Exercise instructions:
Every line below from the one with "30 Love Volleyball" through the one with "CUSTOMIZZA - Custodia" should be retyped exactly, both ends included; no other lines and no pictures.

Input for this task:
++++

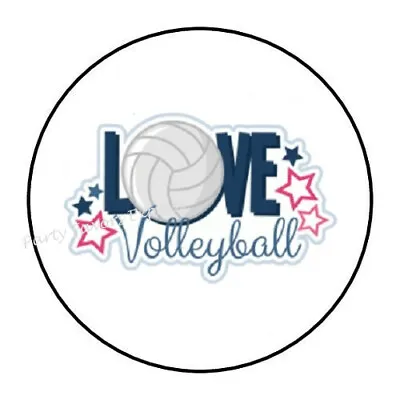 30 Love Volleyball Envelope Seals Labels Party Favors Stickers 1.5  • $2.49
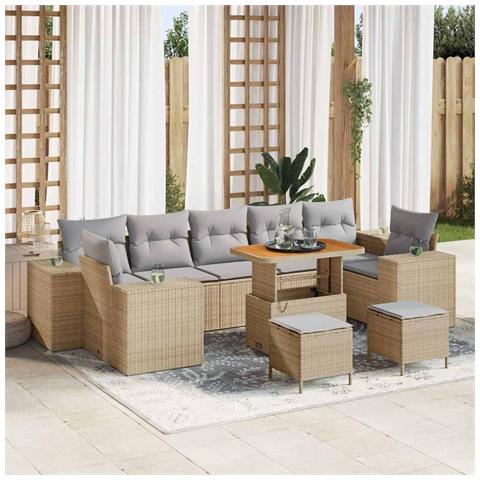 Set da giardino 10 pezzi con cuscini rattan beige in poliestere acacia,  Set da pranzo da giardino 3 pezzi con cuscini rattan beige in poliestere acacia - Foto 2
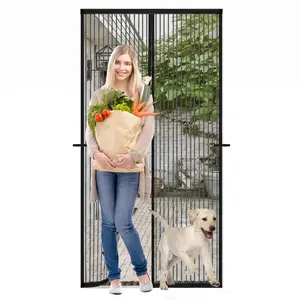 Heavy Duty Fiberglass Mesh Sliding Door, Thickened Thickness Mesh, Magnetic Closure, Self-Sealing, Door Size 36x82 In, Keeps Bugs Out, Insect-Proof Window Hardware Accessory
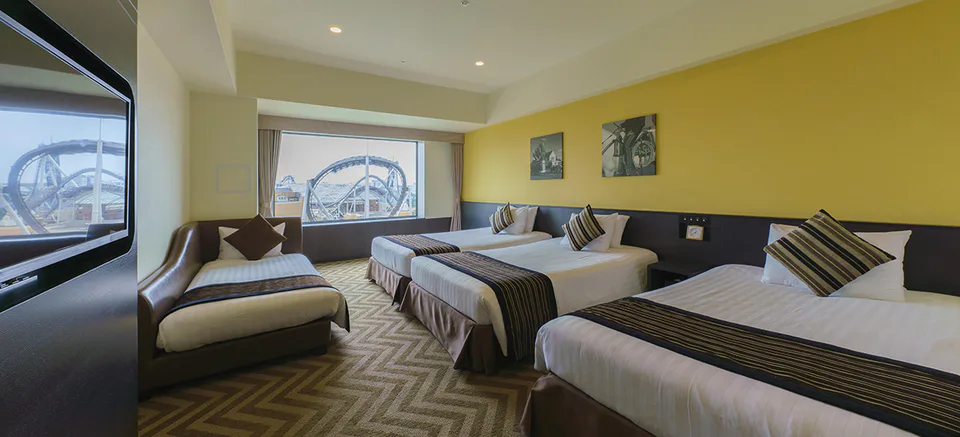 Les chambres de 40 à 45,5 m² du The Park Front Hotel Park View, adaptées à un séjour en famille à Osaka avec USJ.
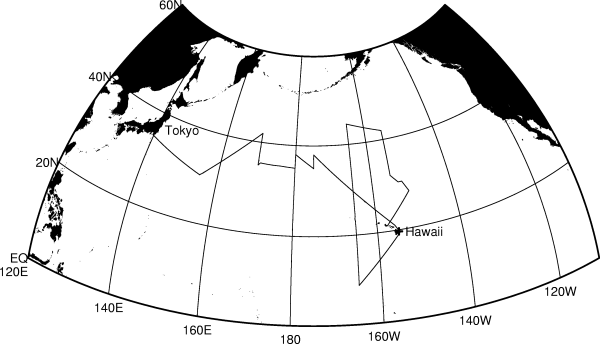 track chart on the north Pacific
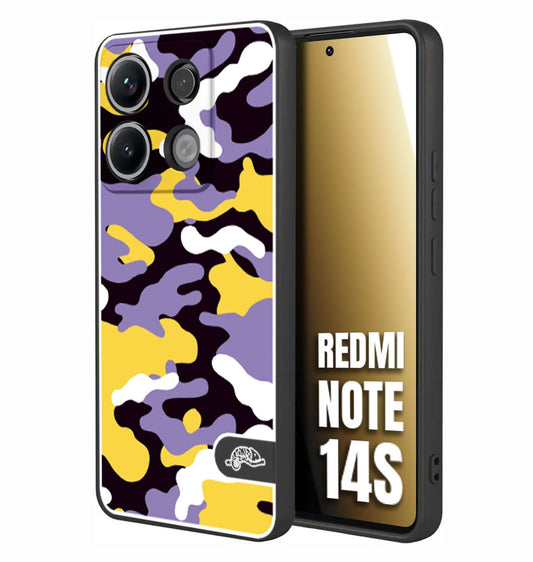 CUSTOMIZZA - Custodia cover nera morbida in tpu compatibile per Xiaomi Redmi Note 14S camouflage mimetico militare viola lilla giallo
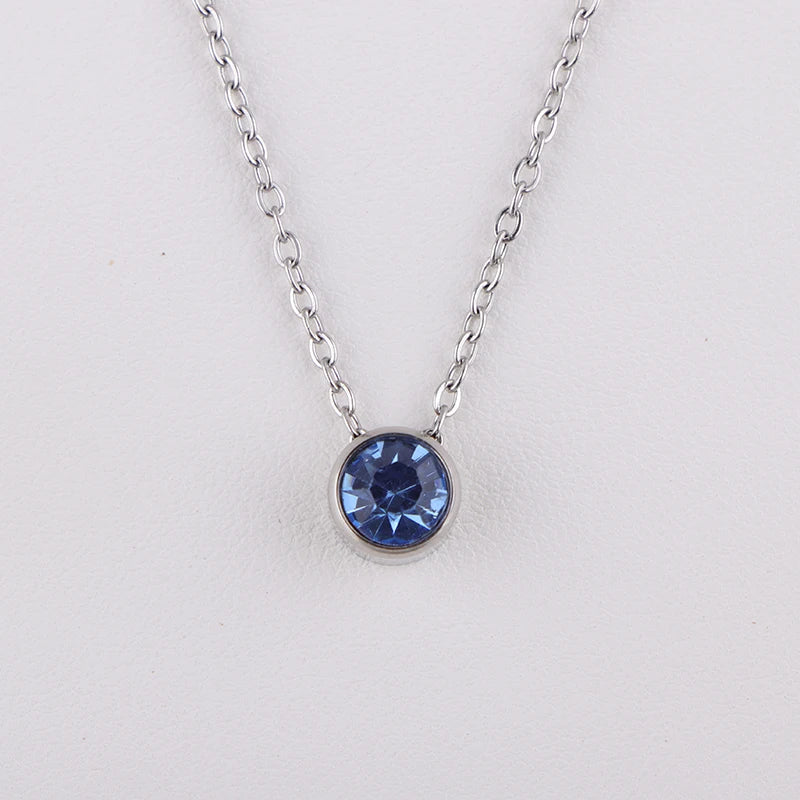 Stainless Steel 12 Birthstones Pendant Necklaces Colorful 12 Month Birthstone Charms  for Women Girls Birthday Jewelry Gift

++++

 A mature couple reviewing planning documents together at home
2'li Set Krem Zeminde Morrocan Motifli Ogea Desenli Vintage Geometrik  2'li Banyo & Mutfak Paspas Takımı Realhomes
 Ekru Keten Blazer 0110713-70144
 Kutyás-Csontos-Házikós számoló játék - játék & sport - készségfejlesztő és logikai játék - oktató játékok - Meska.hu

++++

Exercise output:
 30 Love Volleyball Envelope Seals Labels Party Favors Stickers 1.5  • $2.49
 Set da giardino 10 pezzi con cuscini rattan beige in poliestere acacia,  Set da pranzo da giardino 3 pezzi con cuscini rattan beige in poliestere acacia - Foto 2
 Heavy Duty Fiberglass Mesh Sliding Door, Thickened Thickness Mesh, Magnetic Closure, Self-Sealing, Door Size 36x82 In, Keeps Bugs Out, Insect-Proof Window Hardware Accessory
 Les chambres de 40 à 45,5 m² du The Park Front Hotel Park View, adaptées à un séjour en famille à Osaka avec USJ.
 track chart on the north Pacific
 CUSTOMIZZA - Custodia cover nera morbida in tpu compatibile per Xiaomi Redmi Note 14S camouflage mimetico militare viola lilla giallo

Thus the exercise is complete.